• Recorded information:
[Start of Attachment]

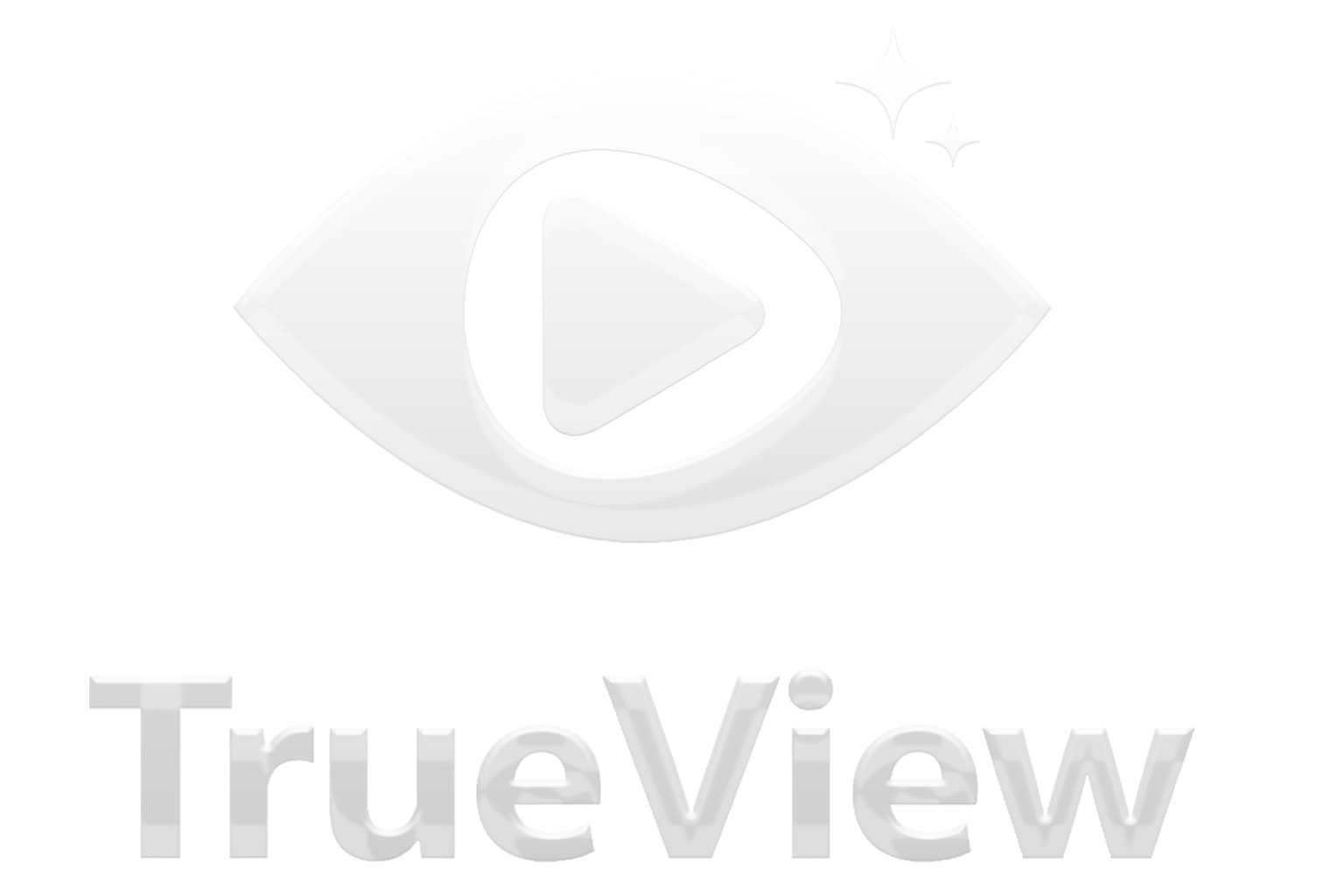 TrueView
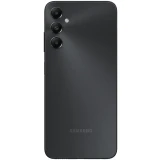 Смартфон Samsung Galaxy A05s 4/64Gb Black (SM-A057FZKDMEA)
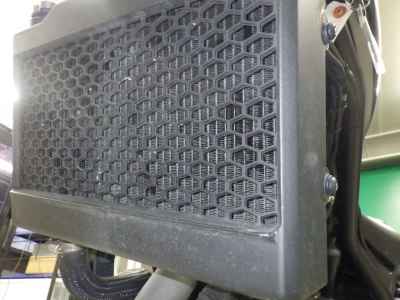 Honda Rebel CMX250 2020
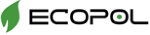 EcoPol EcoPol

[End of Attachment]

• Task brief:
Everything from the line containing "Смартфон Samsung Galaxy" through the final line of the material must be set down exactly, except the pictures.

• Task answer:
 Смартфон Samsung Galaxy A05s 4/64Gb Black (SM-A057FZKDMEA)
 Honda Rebel CMX250 2020
 EcoPol EcoPol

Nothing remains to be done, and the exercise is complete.